Il 20 per cento degli intervistati ha o ha avuto contratti riconducibili alla gig economy. Alcuni sono convinti che questa forma diventerà la principale, altri che andrà ad esaurirsi. Ma su un punto sono tutti d'accordo: non offre abbastanza tutele, che finora vengono ritenute largamente insufficienti. È quanto emerge dall'ultima indagine dell'Osservatorio Futura, dedicata proprio al tema della gig economy. Il sondaggio si sofferma su tutte quelle attività lavorative erogate da soggetti autonomi, attraverso la mediazione di piattaforme online, siti web o app, che mettono a disposizione i loro servizi per aziende e privati: i rider ne sono l'esempio più evidente (qui la ricerca integrale).

Tra coloro che hanno "incontrato" la gig economy, spiega lo studio, il 32 per cento si concentra nella fascia tra 18 e 34 anni, il 28 per cento risiede nel Centro Italia e il 29 per cento è tra gli studenti universitari. Sul tema dell'evoluzione della forma lavorativa il campione si spacca: circa il 40 per cento è convinto sia in forte ascesa, fino a diventare una modalità centrale nel mercato del lavoro di domani (11 per cento). Il 20 per cento invece ritiene che finirà per esaurirsi, l'11 per cento assegna già oggi un ruolo marginale.

Più di un intervistato su quattro si astiene, a conferma della difficoltà di esprimere un giudizio compiuto "in diretta" su un fenomeno nuovo del nostro tempo. Tra i sostenitori della centralità, il 36 per cento è laureato e sempre il 36 per cento risiede nelle regioni del Centro. Nel bacino di coloro che nel futuro mandano in soffitta la gig economy, il 27 per cento si trova tra gli studenti universitari e il 28 per cento tra gli iscritti al sindacato.

L'inchiesta si sofferma inoltre sulla percezione del fenomeno: la maggioranza degli interpellati crede che la diffusione in Italia sia decisamente più contenuta rispetto agli altri Paesi europei. Lo affermano in particolare gli universitari, i residenti al Nord-Est e chi è titolare di una partita Iva.

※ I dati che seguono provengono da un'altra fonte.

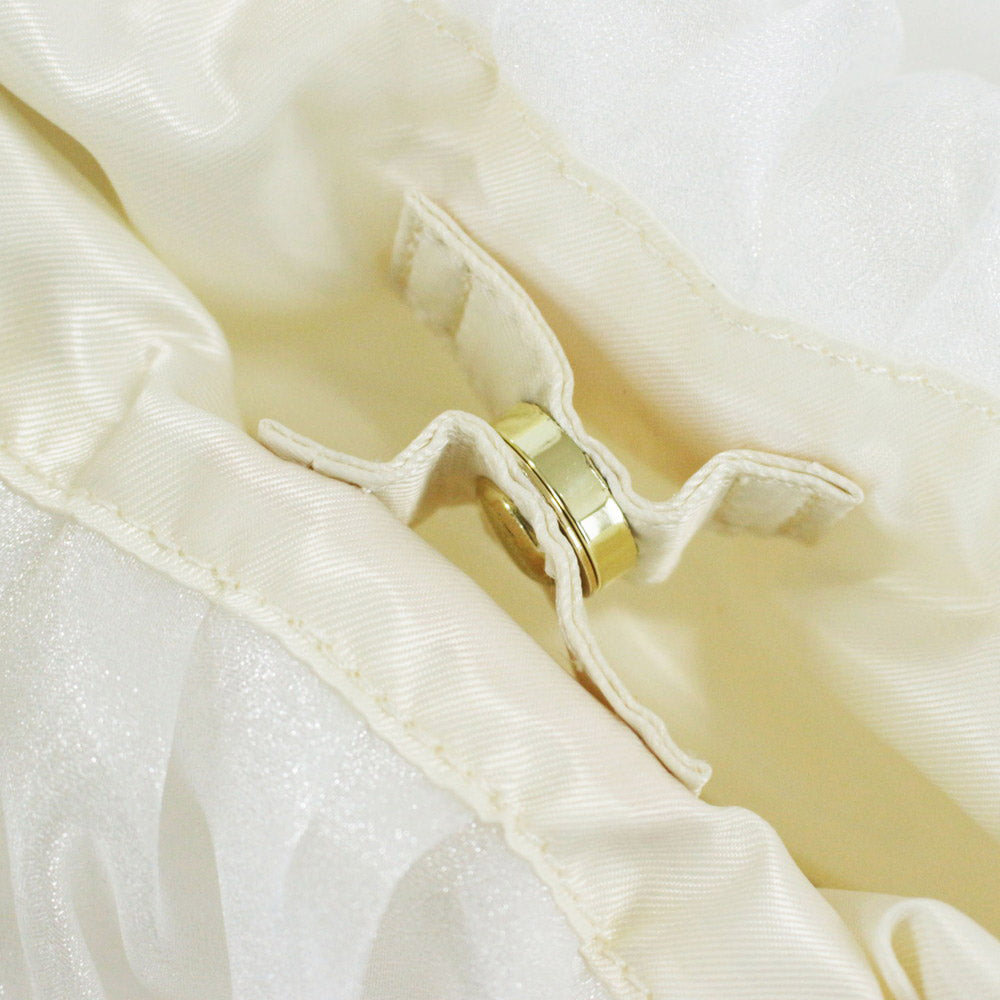 SC.Deli.Tulle-A / 3639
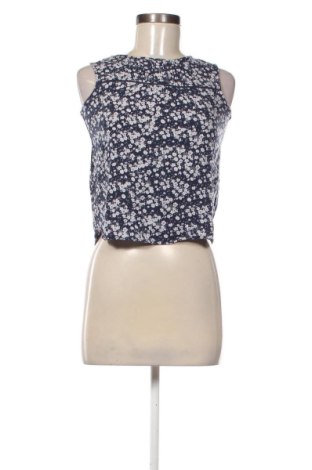 Gyerek trikó H&M, Méret 11-12y / 152-158 cm, Szín Sokszínű, Ár 1 739 Ft, #136937243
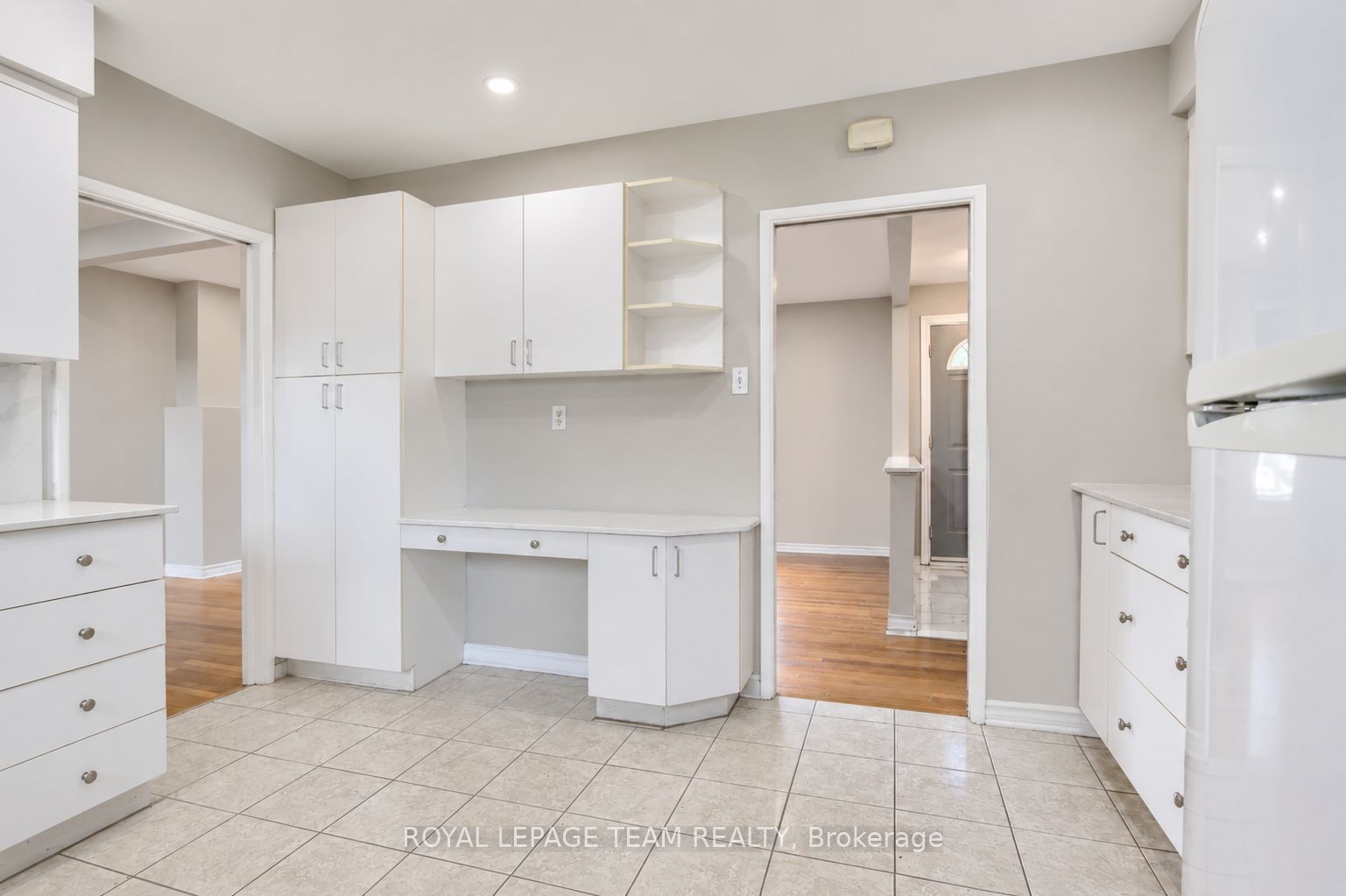 31 Pritchard Drive Property Photo 6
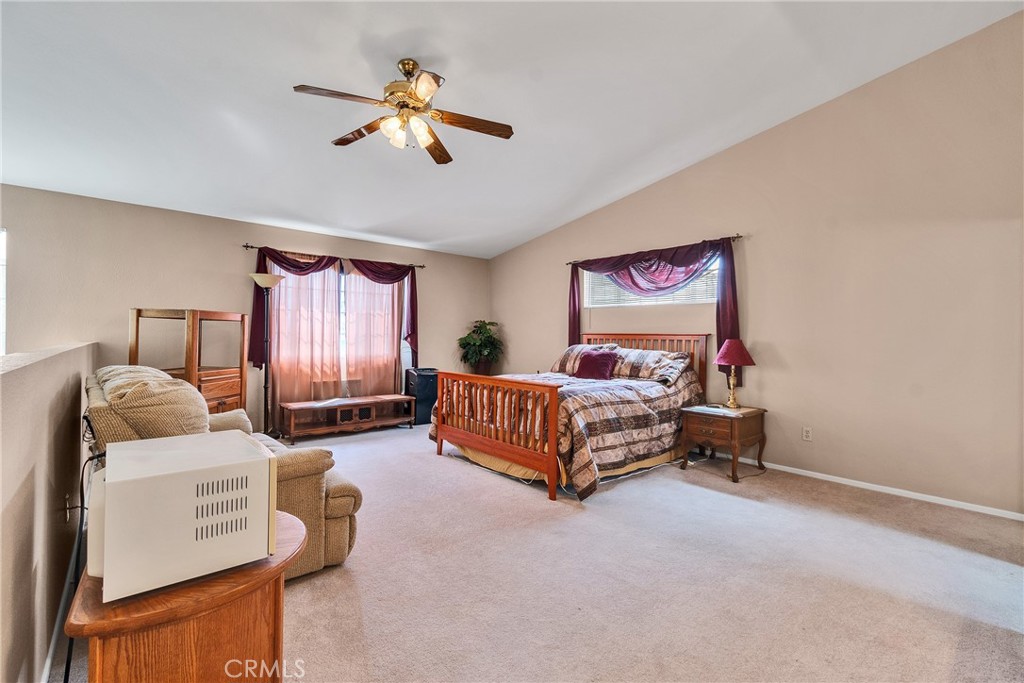 6299 Chandon Place Property Photo 46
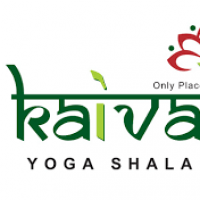 kaivalyamyoga
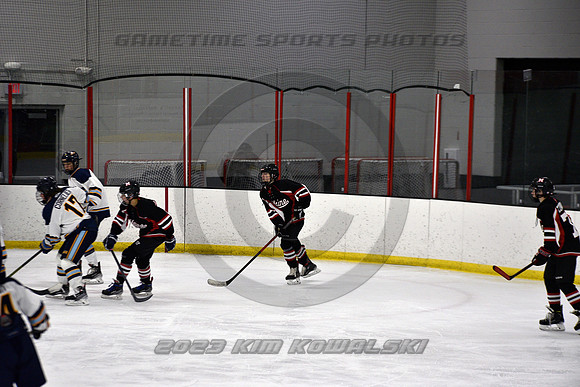 _GSP5752 (Copy)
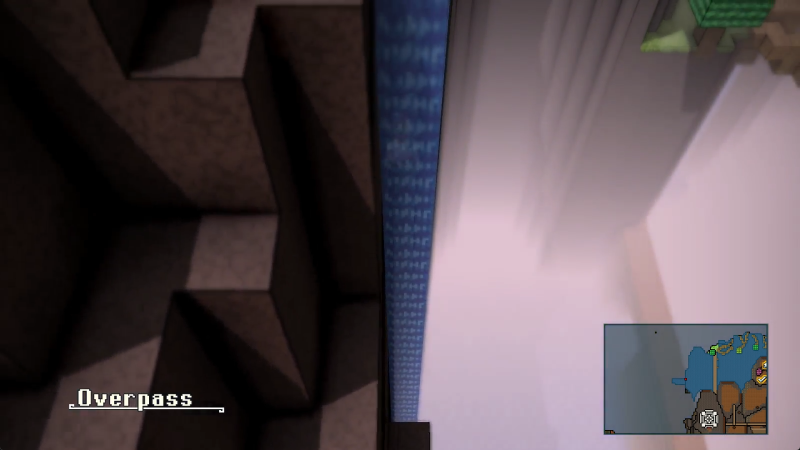crystals010.png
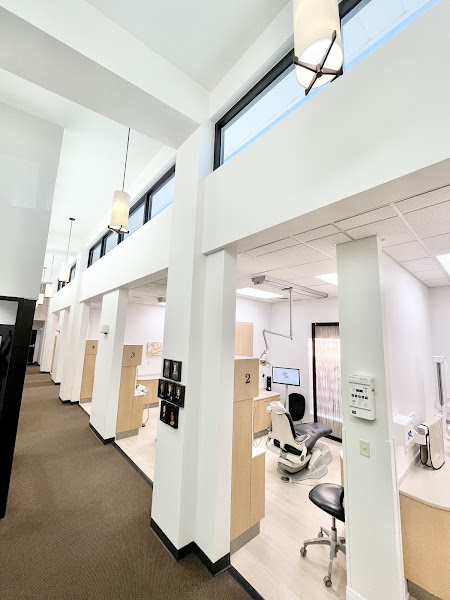 Smile In Style Dentistry | Diem Do, DDS 5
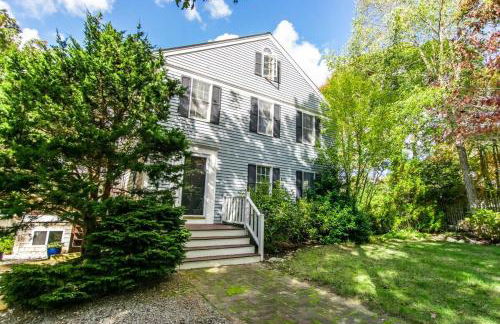 Full Sand Volleyball Court Walk to Pond - Foto 32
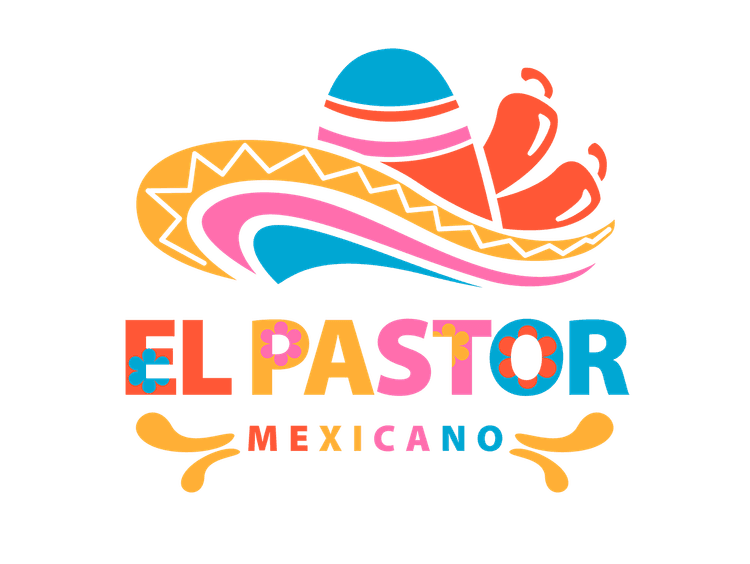 Restaurante Mexicano El Pastor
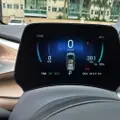 BYD DOLPHIN 44,9 KW ELÉTRICO GS BYD DOLPHIN 44,9 KW ELÉTRICO GS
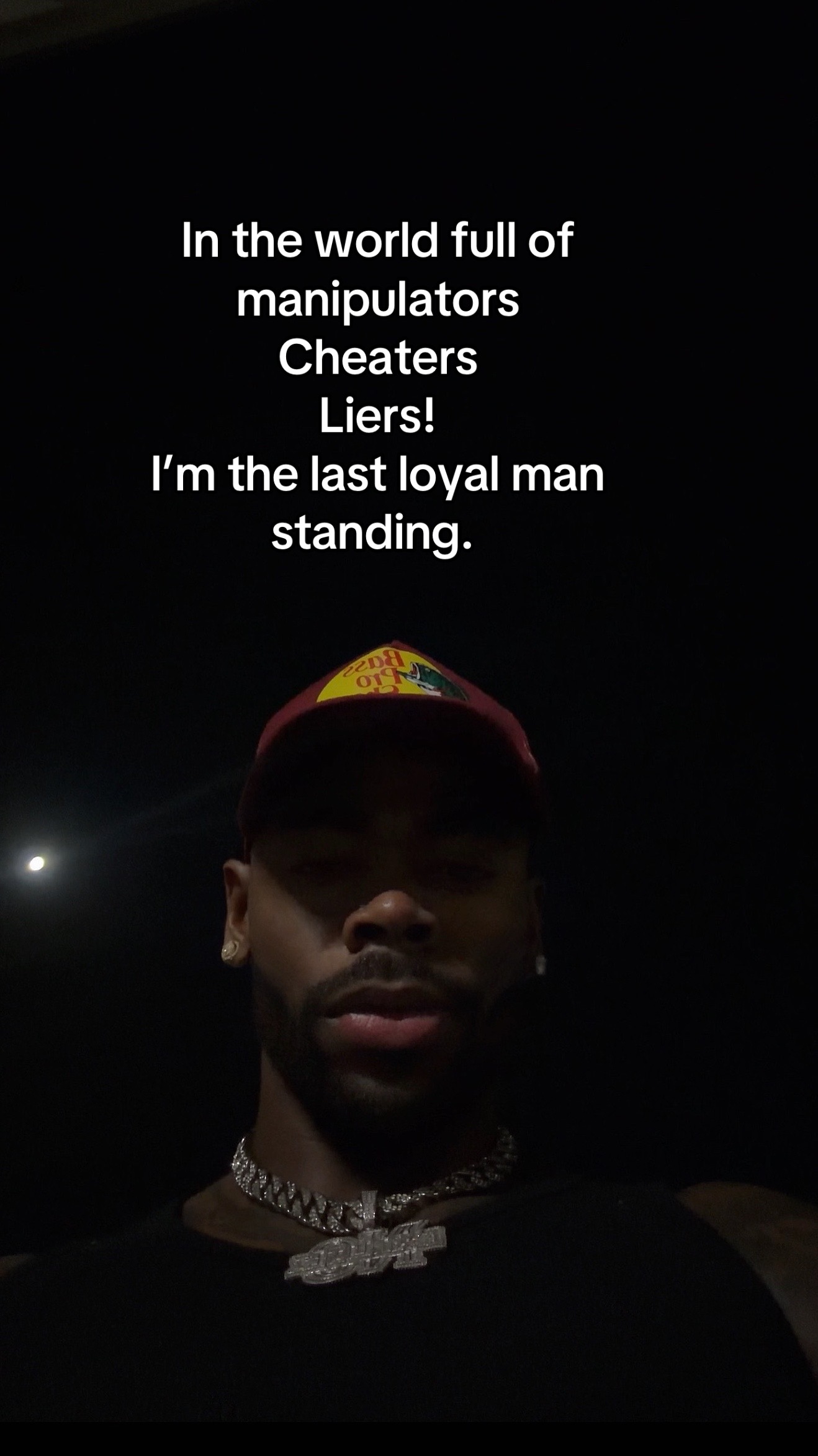 @Enockfitness_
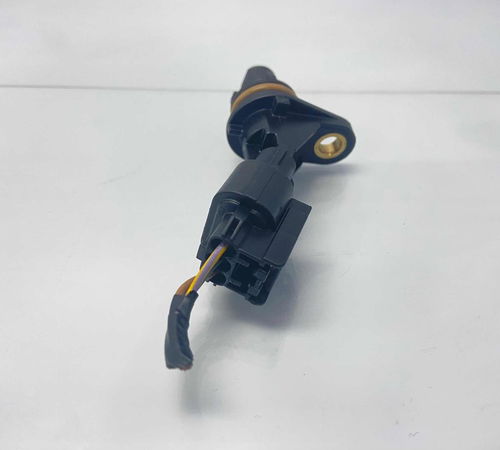 Sensor Rotação Ford Ka 2015/2018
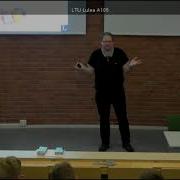 Software Architecture 2 Designing And Visualizing Software Architectures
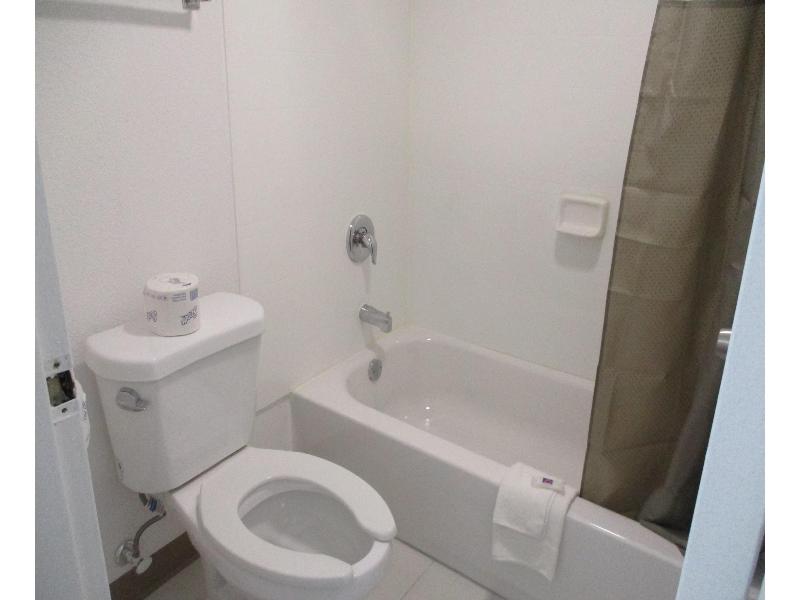 Motel 6 Chattanooga, Tn - Airport image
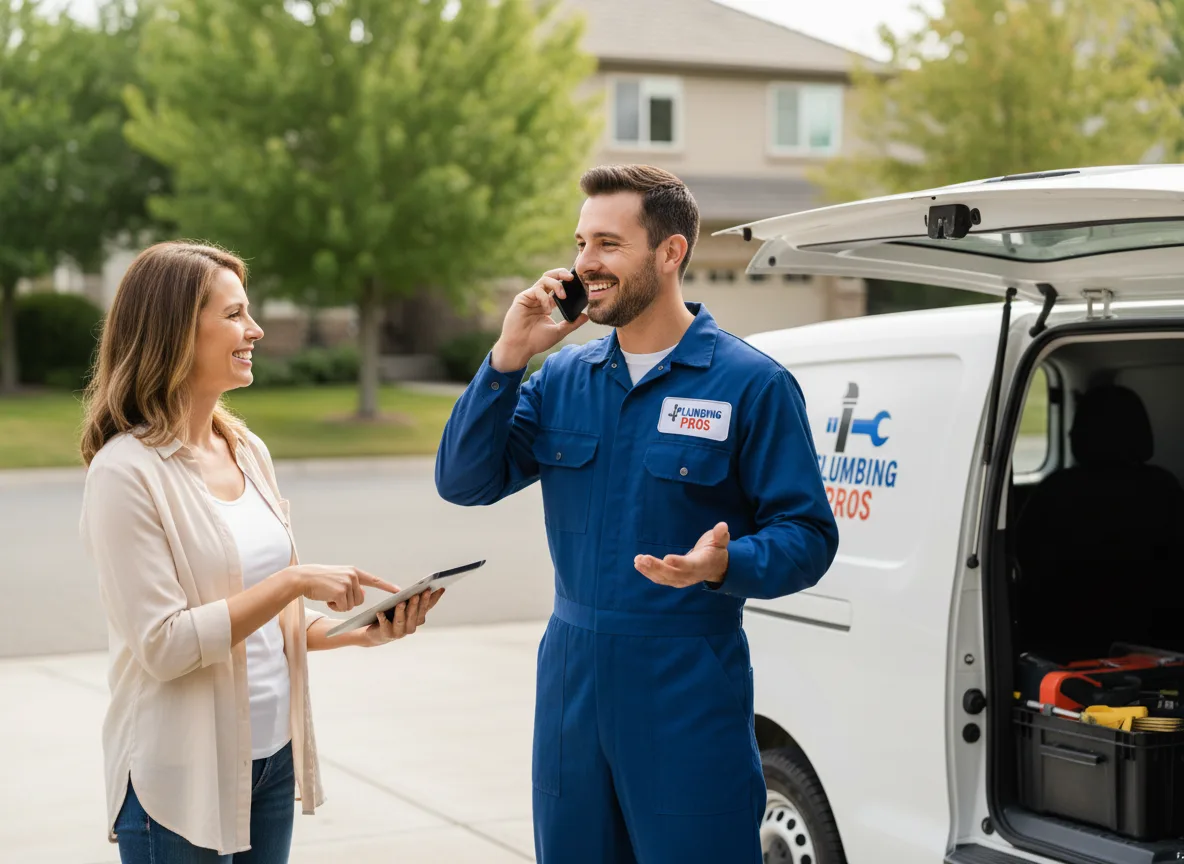 Water Heater Repair Leroy, MI FAQs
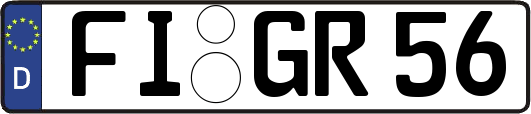 FI-GR56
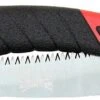 Wilkinson Sword Turbo Folding Saw -Garden Care Sale Store 39476 11775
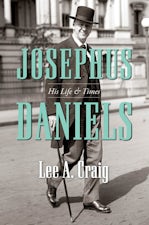 Josephus Daniels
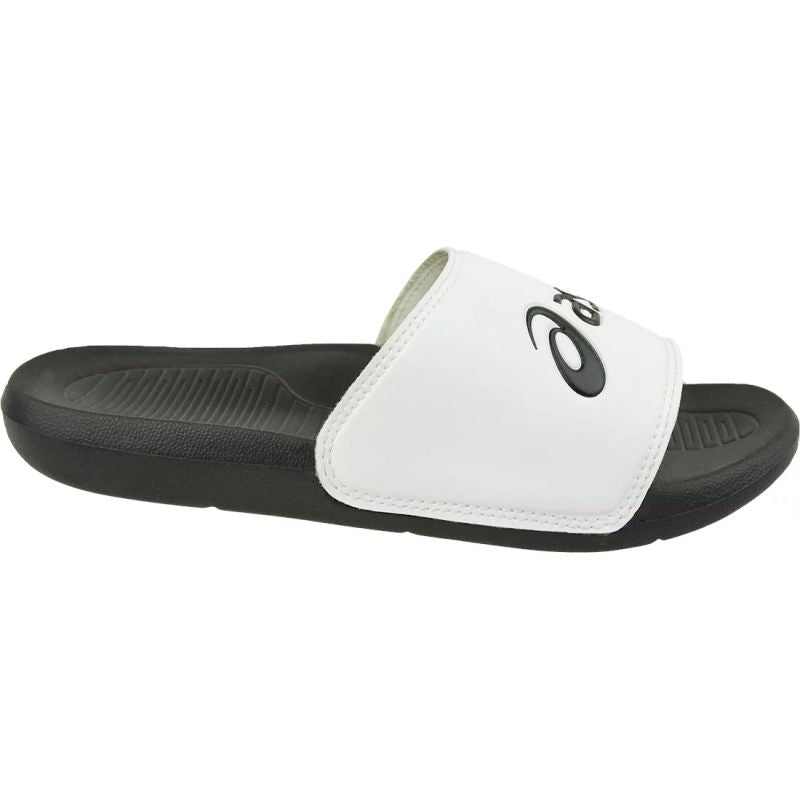 Asics Slides Asics AS003 1173A006-101 Cipő - Sportmania.hu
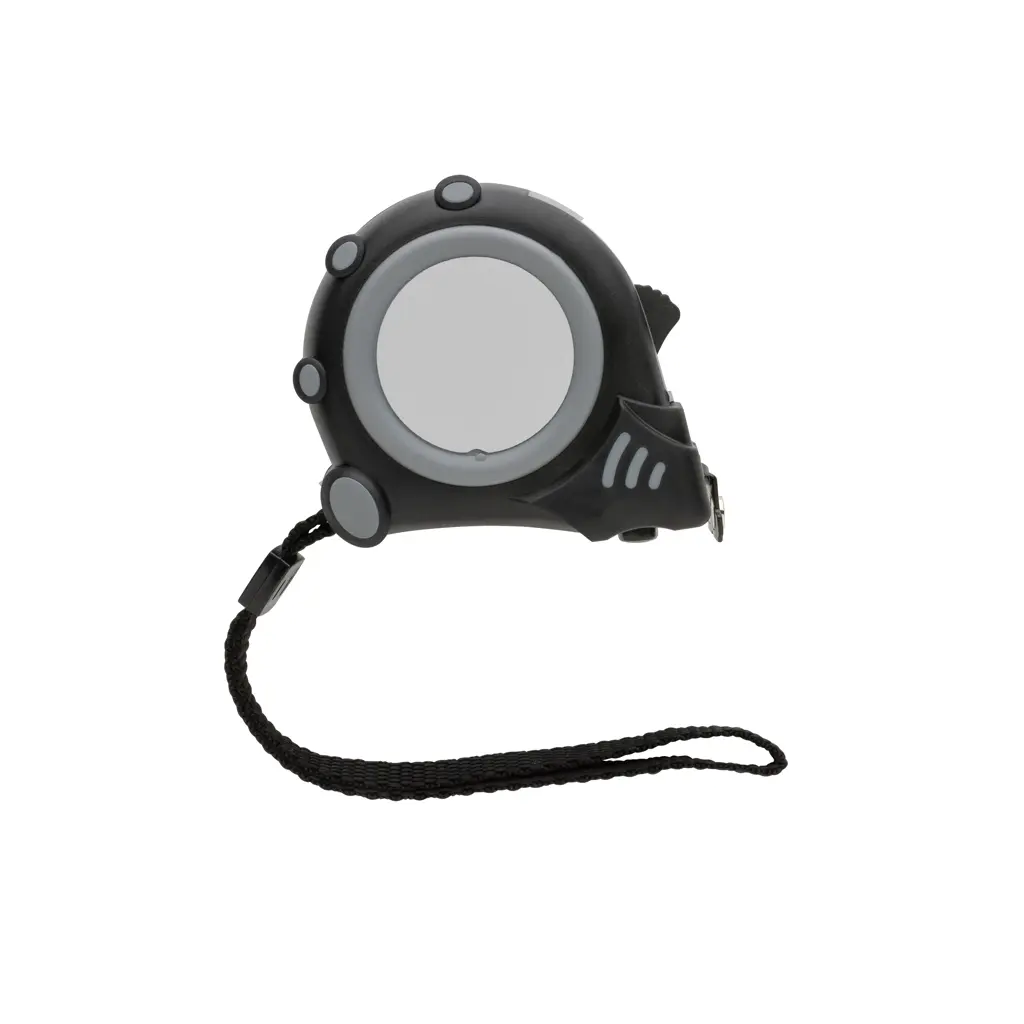 Metar RSC 3M/16 mm P112.14 grey-5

I settori più interessati sono quelli delle consegne domiciliari, seguono a una certa distanza la ristorazione e i lavori stagionali, mentre altre attività svolte in remoto (per esempio traduzioni e programmazione) sono meno citato nelle risposte. Al primo posto le consegne di pasti col 26 per cento, a seguire le consegne di pacchi (17 per cento), i lavori stagionali (13 per cento) e appunto la ristorazione (12 per cento).

Fondamentale l'analisi dei rischi e opportunità legate a questi nuovi lavori. Nella percezione i principali pericoli sono rappresentati da retribuzioni inadeguate (54 per cento), instabilità lavorativa (52 per cento), minore tutela infortunistica e previdenziale (38 per cento), disumanizzazione del rapporto di lavoro (30 per cento). Alla stessa percentuale, ossia il 30 per cento, si attesta il rischio di minore tutela sindacale.

Tra le opportunità la principale sembra essere nella facilità di trovare lavoro, anche per un breve periodo (50 per cento degli intervistati). Il 33 per cento cita la maggiore flessibilità oraria e il 32 per cento l'autonomia lavorativa, insieme alla possibilità di lavorare ovunque nel mondo (31 per cento).

Come detto, c'è un punto che mette tutti d'accordo: la mancanza di tutele. Non c’è area, tra quelle sondate, che possa essere ritenuta adeguata se vista da quella prospettiva. Tutti esprimono preoccupazione sulle retribuzioni, la tutela previdenziale, i ritmi di lavoro, la stabilità lavorativa e la conseguente qualità della vita. La gig economy oggi, dunque, non risponde in modo sufficiente alle esigenze dei lavoratori.